Lo atrayente es que reúne la búsqueda de uno mismo, no por medio de otros, sino por medio de Él. Empecemos viéndola por el peligro que sobrelleva lo humano. Aquí me sirven Facundo Cabral y un refrán. Aquel: «Doy la cara al enemigo, la espalda al buen comentario, porque el que acepta un halago empieza a ser dominado; el hombre le hace caricias al caballo pa montarlo». Este: «Del agua mansa líbreme Dios, que de la brava me libro yo» —el Centro Virtual Cervantes proporciona un sinónimo: «De los amigos me guarde Dios, que de los enemigos me guardo yo»—. Ambos casos alertan al sujeto. Las criaturas son humanas y en la humanidad reside lo bueno y lo malo. Fiarse de ellas es ser generoso y no enfadarse cuando paguen mal es ser santo. La clarisa, desde que entró al Convento en Tunja y en lo sucesivo, recibió injurias y chismorreos de las hermanas.
Otra visión es la de no servirse de nadie más que de ella. Por supuesto que la madre leyó a Luis de La Puente, a Ignacio de Loyola, alientos en su retiro, más su camino es auténtico. No quería citar al Brujo de Otraparte —no he querido citar— pero lo que tuvo en su poder introduce mi idea: «¿Qué le falta a Colombia? Yo lo sé. Tengo en mi poder ese secreto […]. ¿Cuál es? Que toda belleza, bondad y poder nos vienen de Dios. En Colombia nadie, ni los hombres de la llave, tienen amistades con Dios». La relación entre el Grandioso y la sierva. Su claustro, su prisión, sus quejas se dirigen a su Creador. Si bien los confesores guían su alma y le calman el peso de los trabajos, ellos no son el punto máximo de Francisca.
«Mi amado para mí, yo para Él». Recibiendo las penas sin que lo noten, con sus mortificaciones corporales y las tentaciones demoniacas, desempeña un amor ilustre. Sus honores los guarda y no los comenta a las que la visitan. Esposa de Dios, se calma: «Poco estima su tesoro quien lo expone a la común vista». No se deja gobernar por fragilidades, inconsistencias ni acechanzas. Se recoge en la perfección, siendo imperfecta. Escribe porque solo el confesor la leerá.
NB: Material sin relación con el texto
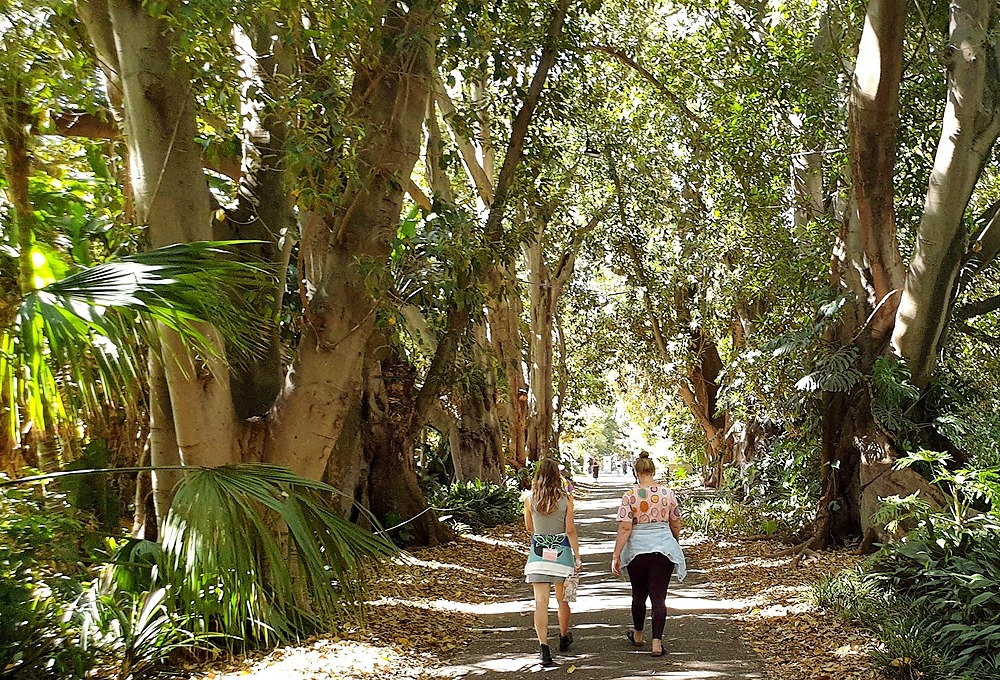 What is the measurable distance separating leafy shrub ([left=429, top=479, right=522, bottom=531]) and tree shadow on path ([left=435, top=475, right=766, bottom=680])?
21.0 feet

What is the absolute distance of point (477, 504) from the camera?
2009 centimetres

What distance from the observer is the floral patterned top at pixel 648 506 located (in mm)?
8383

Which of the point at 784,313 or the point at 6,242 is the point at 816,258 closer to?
the point at 784,313

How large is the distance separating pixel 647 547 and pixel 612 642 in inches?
43.4

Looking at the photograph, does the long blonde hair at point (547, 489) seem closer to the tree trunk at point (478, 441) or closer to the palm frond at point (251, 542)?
the palm frond at point (251, 542)

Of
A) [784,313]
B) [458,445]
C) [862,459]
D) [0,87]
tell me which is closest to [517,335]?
[458,445]

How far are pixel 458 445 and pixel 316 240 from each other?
14185mm

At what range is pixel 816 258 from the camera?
13891 mm

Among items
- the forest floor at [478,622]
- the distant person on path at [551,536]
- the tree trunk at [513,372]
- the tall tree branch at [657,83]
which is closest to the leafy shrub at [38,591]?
the forest floor at [478,622]

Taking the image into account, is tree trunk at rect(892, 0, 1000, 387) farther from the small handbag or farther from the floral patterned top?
the small handbag

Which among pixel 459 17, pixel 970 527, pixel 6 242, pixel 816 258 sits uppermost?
pixel 459 17

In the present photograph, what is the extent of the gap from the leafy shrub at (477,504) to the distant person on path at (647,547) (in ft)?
32.1

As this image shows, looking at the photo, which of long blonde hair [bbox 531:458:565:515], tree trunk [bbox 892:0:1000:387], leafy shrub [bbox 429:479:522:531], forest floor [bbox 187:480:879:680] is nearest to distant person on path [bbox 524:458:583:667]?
long blonde hair [bbox 531:458:565:515]

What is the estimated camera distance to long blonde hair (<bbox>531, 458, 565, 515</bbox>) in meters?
8.05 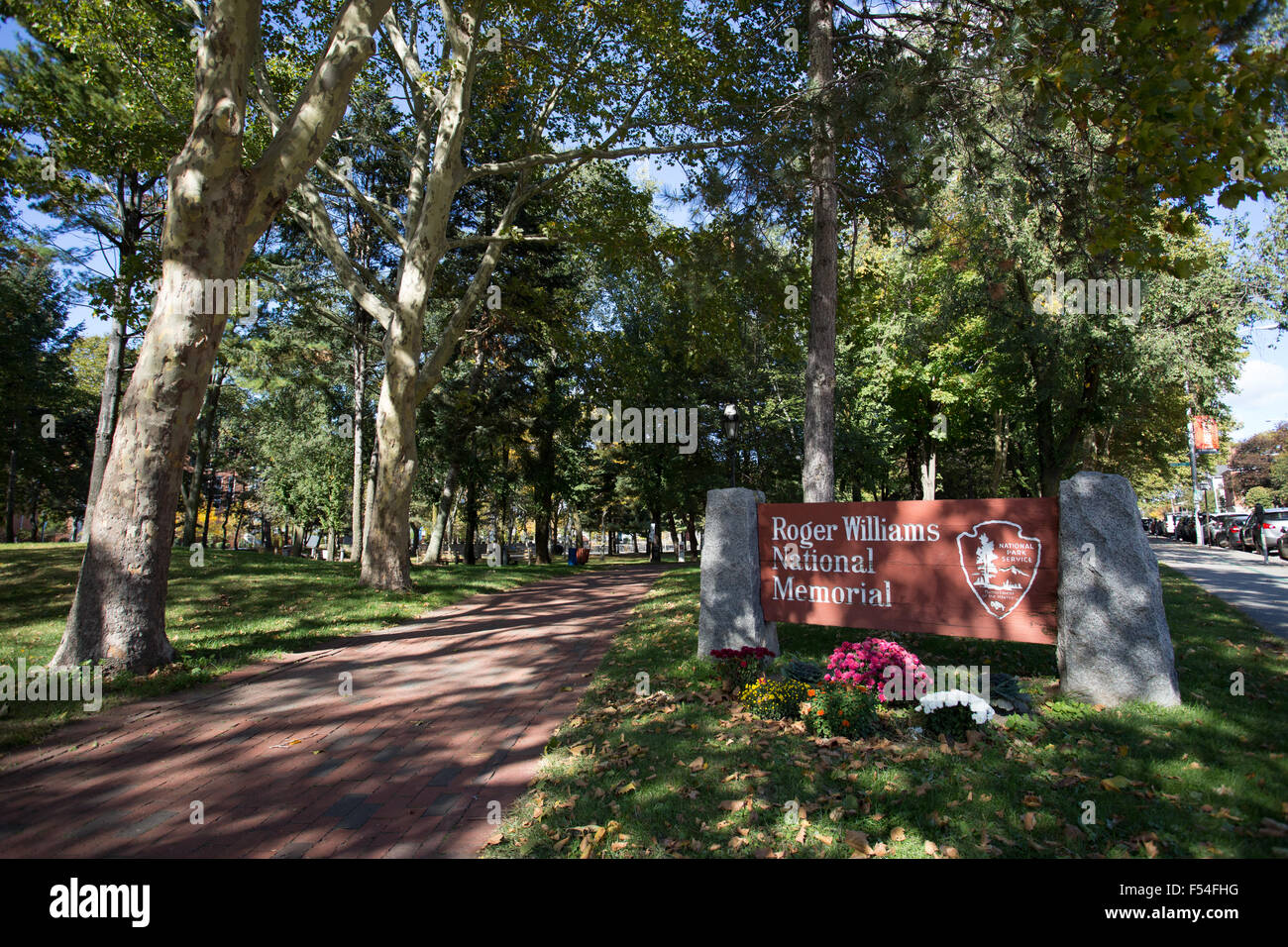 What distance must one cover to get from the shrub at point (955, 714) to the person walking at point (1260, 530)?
65.4 feet

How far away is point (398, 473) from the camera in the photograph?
41.1 ft

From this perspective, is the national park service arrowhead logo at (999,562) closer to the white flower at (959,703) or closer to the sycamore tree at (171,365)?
the white flower at (959,703)

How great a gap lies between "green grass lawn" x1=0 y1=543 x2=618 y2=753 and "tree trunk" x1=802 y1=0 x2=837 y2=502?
6924mm

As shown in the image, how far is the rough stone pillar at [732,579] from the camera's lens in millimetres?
6957

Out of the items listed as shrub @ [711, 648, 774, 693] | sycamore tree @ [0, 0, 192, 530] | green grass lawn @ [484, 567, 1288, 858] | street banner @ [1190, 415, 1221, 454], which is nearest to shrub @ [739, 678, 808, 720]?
green grass lawn @ [484, 567, 1288, 858]

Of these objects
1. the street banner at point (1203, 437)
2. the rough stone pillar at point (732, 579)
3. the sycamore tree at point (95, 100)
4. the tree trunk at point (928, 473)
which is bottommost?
the rough stone pillar at point (732, 579)

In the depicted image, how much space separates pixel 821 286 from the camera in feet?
29.6

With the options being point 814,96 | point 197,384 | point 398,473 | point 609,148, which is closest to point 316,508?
point 398,473

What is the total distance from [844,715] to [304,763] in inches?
155

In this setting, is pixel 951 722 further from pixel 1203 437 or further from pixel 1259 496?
pixel 1259 496

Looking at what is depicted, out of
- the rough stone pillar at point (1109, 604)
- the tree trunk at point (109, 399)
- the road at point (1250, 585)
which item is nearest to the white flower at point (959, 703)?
the rough stone pillar at point (1109, 604)

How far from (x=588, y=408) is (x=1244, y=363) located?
76.1 ft

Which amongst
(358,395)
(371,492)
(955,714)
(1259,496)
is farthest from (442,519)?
(1259,496)

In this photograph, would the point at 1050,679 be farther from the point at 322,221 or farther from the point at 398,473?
the point at 322,221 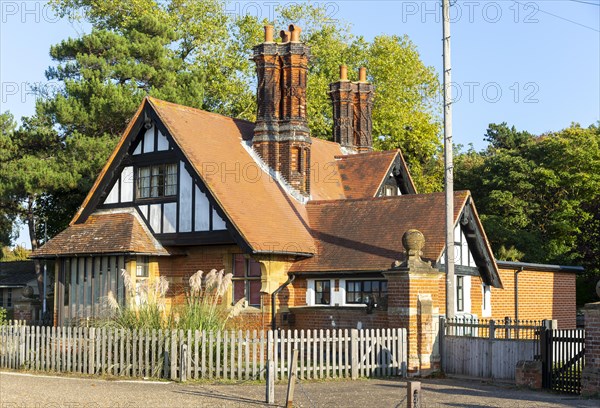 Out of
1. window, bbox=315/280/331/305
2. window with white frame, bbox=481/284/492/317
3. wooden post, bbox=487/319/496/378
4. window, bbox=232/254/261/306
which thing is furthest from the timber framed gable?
window with white frame, bbox=481/284/492/317

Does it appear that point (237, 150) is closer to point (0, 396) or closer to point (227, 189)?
point (227, 189)

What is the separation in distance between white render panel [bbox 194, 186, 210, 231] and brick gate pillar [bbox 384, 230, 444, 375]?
6.56 metres

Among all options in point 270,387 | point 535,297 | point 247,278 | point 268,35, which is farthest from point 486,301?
point 270,387

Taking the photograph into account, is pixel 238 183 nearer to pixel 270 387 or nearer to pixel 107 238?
pixel 107 238

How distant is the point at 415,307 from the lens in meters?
19.1

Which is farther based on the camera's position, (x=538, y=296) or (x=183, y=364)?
(x=538, y=296)

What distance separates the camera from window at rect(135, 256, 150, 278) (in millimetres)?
24531

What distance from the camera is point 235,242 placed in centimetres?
2312

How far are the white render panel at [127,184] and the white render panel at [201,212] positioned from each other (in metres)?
2.71

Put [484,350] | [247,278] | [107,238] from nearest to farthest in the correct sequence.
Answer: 1. [484,350]
2. [247,278]
3. [107,238]

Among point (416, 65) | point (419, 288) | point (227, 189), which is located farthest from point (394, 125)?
point (419, 288)

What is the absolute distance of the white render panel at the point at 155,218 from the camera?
81.7 feet

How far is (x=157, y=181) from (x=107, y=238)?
2.20m

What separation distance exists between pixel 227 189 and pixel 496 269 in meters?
8.01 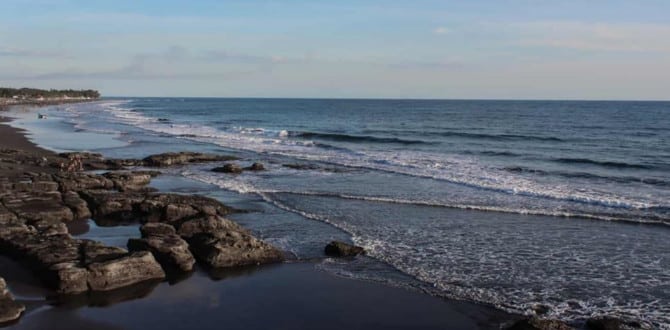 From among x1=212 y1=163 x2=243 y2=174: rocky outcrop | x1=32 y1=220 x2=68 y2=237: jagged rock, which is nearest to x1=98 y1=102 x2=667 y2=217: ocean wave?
x1=212 y1=163 x2=243 y2=174: rocky outcrop

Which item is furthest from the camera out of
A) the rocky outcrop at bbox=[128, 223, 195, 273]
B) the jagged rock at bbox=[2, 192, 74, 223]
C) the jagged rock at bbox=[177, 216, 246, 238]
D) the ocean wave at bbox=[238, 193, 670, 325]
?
the jagged rock at bbox=[2, 192, 74, 223]

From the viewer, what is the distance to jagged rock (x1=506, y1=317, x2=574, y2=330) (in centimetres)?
1056

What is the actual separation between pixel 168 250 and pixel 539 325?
8.23 meters

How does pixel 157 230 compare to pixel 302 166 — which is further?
pixel 302 166

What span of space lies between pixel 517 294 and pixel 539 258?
10.1 ft

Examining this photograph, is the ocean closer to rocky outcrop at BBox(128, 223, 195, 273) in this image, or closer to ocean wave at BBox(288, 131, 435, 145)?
rocky outcrop at BBox(128, 223, 195, 273)

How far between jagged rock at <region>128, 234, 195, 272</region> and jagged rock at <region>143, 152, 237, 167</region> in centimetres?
1951

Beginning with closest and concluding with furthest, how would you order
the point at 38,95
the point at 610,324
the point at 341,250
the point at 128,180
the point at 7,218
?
1. the point at 610,324
2. the point at 341,250
3. the point at 7,218
4. the point at 128,180
5. the point at 38,95

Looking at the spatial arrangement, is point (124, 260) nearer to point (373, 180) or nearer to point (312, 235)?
point (312, 235)

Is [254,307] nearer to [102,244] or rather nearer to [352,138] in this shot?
[102,244]

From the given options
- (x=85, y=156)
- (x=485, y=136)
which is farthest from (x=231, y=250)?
(x=485, y=136)

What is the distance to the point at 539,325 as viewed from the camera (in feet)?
34.7

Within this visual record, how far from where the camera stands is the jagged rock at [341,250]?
15.9 m

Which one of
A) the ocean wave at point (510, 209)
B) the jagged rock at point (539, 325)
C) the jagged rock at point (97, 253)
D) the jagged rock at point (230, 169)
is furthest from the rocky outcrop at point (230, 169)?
the jagged rock at point (539, 325) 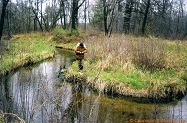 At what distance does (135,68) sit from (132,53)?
94cm

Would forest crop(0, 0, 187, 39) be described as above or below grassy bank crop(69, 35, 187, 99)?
above

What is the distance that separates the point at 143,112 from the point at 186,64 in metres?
5.70

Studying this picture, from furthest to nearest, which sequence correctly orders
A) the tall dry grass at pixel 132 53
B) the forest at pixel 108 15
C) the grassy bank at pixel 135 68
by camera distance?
1. the forest at pixel 108 15
2. the tall dry grass at pixel 132 53
3. the grassy bank at pixel 135 68

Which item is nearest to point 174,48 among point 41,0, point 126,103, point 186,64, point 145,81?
point 186,64

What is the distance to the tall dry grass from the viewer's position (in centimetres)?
1073

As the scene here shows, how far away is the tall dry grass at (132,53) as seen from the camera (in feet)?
35.2

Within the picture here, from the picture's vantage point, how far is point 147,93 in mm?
8961

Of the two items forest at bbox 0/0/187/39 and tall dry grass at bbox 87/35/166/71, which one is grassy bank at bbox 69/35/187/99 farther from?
forest at bbox 0/0/187/39

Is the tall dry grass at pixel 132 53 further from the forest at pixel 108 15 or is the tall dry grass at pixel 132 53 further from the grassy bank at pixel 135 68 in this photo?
the forest at pixel 108 15

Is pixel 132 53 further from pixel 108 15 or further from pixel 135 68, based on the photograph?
pixel 108 15

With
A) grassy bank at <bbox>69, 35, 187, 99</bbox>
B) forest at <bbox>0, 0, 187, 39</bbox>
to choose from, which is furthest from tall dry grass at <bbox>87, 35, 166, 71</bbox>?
forest at <bbox>0, 0, 187, 39</bbox>

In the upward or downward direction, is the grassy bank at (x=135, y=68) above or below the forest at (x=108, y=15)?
below

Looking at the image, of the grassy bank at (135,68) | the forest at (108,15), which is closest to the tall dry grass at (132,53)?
the grassy bank at (135,68)

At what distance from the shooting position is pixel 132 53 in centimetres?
1148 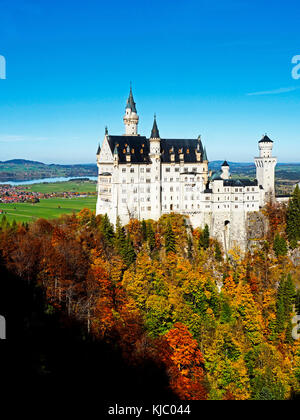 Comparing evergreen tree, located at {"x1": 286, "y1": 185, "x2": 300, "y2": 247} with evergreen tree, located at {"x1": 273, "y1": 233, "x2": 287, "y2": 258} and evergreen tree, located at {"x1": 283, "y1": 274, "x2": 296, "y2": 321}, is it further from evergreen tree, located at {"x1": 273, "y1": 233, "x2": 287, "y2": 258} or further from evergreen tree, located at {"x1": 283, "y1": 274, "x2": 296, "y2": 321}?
evergreen tree, located at {"x1": 283, "y1": 274, "x2": 296, "y2": 321}

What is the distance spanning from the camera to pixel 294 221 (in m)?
71.5

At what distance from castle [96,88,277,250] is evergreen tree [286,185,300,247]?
5505 millimetres

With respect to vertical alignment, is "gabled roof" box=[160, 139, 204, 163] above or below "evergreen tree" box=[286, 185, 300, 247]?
above

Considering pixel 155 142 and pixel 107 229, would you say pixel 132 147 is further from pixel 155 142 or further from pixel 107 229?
pixel 107 229

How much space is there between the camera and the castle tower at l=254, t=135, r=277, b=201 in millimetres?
76438

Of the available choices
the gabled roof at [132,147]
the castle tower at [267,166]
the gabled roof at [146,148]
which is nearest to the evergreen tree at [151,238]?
the gabled roof at [146,148]

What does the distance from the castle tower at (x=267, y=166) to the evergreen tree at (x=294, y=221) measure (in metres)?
5.39

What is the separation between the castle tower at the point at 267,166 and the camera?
76438mm

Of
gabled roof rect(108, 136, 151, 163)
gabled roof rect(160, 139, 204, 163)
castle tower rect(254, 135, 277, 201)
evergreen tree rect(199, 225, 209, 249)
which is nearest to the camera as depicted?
gabled roof rect(108, 136, 151, 163)

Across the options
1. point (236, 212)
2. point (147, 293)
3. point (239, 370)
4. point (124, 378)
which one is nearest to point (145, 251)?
point (147, 293)

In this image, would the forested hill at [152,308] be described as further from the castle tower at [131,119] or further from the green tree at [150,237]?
the castle tower at [131,119]

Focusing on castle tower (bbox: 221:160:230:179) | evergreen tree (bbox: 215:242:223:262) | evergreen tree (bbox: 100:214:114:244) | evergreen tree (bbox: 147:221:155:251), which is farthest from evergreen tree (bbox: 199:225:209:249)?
evergreen tree (bbox: 100:214:114:244)

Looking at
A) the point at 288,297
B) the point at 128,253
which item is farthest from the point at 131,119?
the point at 288,297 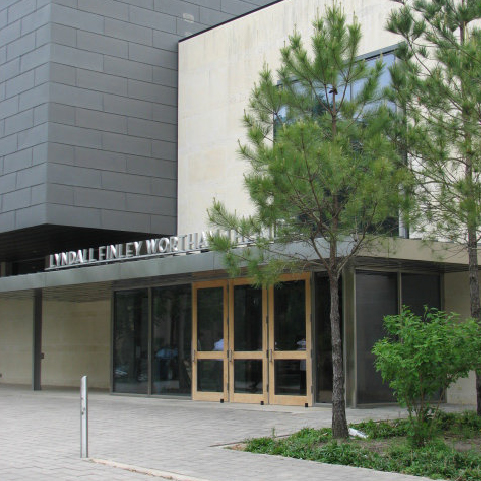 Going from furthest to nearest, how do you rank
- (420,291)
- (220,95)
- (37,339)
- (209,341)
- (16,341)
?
(16,341)
(37,339)
(220,95)
(209,341)
(420,291)

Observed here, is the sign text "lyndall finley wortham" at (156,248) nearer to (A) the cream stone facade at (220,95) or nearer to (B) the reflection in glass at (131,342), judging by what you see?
(B) the reflection in glass at (131,342)

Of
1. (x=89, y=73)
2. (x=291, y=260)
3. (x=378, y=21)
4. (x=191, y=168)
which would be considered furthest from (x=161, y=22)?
(x=291, y=260)

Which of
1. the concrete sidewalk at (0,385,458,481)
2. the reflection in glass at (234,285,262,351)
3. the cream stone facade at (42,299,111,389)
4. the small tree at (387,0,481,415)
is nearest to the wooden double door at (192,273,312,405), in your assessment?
the reflection in glass at (234,285,262,351)

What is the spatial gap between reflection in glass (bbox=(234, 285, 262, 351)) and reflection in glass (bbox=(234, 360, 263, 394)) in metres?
0.32

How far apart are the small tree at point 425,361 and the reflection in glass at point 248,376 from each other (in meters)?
6.90

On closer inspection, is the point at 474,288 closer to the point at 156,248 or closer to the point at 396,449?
the point at 396,449

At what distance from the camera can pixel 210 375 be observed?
17.3m

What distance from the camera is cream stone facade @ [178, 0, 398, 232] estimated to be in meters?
19.5

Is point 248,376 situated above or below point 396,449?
above

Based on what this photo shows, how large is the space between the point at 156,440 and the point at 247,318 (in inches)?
229

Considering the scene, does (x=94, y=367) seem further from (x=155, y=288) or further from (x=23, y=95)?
(x=23, y=95)

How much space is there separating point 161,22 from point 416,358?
16.4 metres

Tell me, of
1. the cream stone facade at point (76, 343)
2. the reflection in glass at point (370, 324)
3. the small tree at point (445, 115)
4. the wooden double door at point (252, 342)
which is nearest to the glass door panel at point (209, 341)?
the wooden double door at point (252, 342)

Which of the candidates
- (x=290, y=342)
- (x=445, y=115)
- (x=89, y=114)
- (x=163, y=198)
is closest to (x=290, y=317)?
(x=290, y=342) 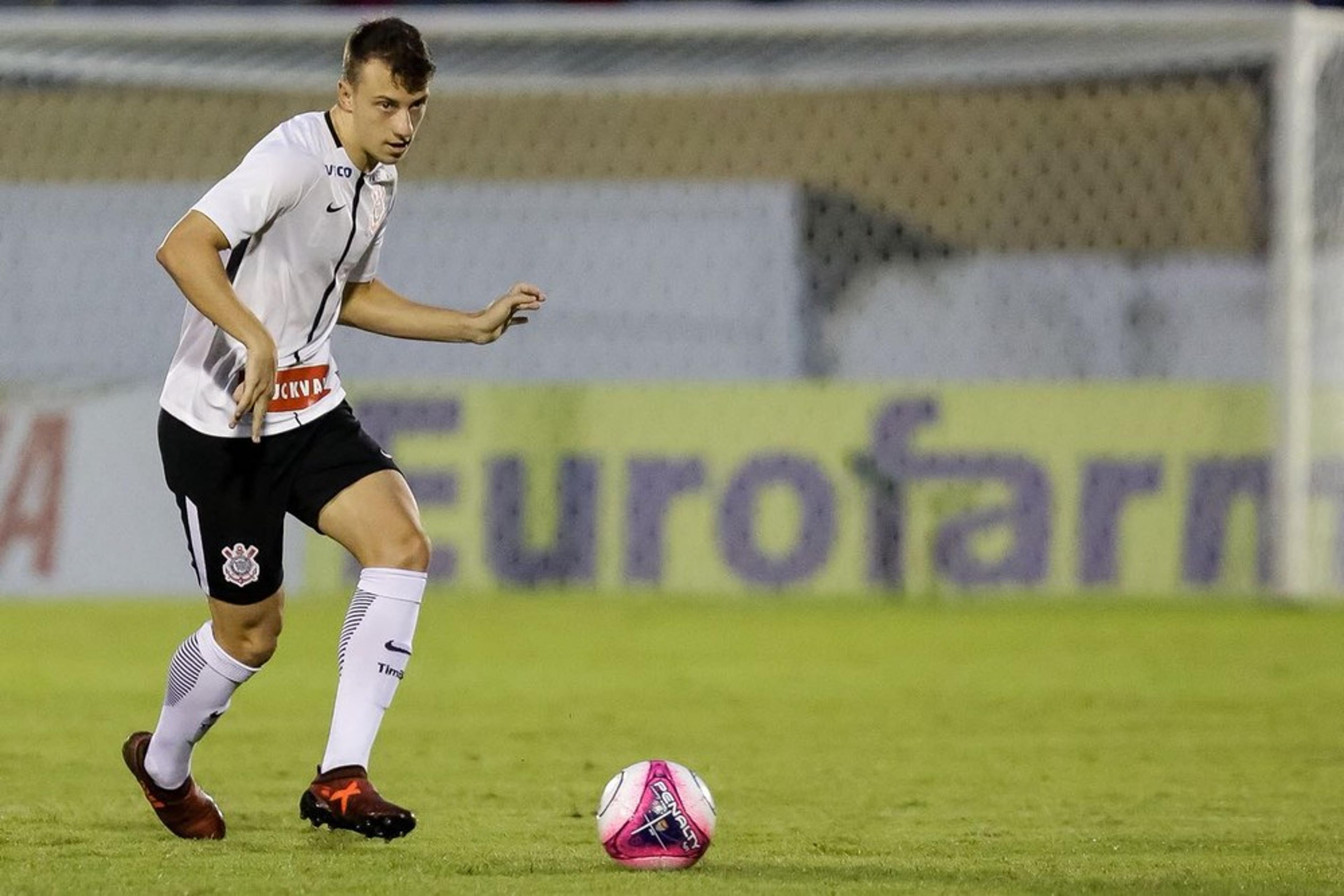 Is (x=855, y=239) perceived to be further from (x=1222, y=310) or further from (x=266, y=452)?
(x=266, y=452)

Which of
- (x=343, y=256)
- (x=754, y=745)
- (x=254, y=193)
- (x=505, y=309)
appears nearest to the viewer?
(x=254, y=193)

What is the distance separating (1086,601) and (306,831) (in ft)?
24.7

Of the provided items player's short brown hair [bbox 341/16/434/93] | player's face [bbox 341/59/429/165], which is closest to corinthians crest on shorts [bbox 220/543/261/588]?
player's face [bbox 341/59/429/165]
Reprueba el vano juicio, ante su presencia calla, a sus lecciones no atiende. Me atrevo asegurar que si Francisca supiera que la publicaron en 1817 y es la autora más antigua publicada —en beneficio del suelo nacional—, le sería despreciable y odioso.
Me queda más de medio libro pendiente, y lo agradezco. Las personas alrededor se comparten novelas digitales de Ernaux. Si lo devuelvo al retiro en que estaba, nadie sacará provecho de la clarisa. Mentes ávidas de conocimiento, que no productoras o reconocedoras del autóctono, se arrojan a otras latitudes. Como anillo al dedo nos viene descubrir a los nuestros. La tarea se complica. El tesoro de la autodeterminación, que nos libraría de complejos, lo ignoran los lectores.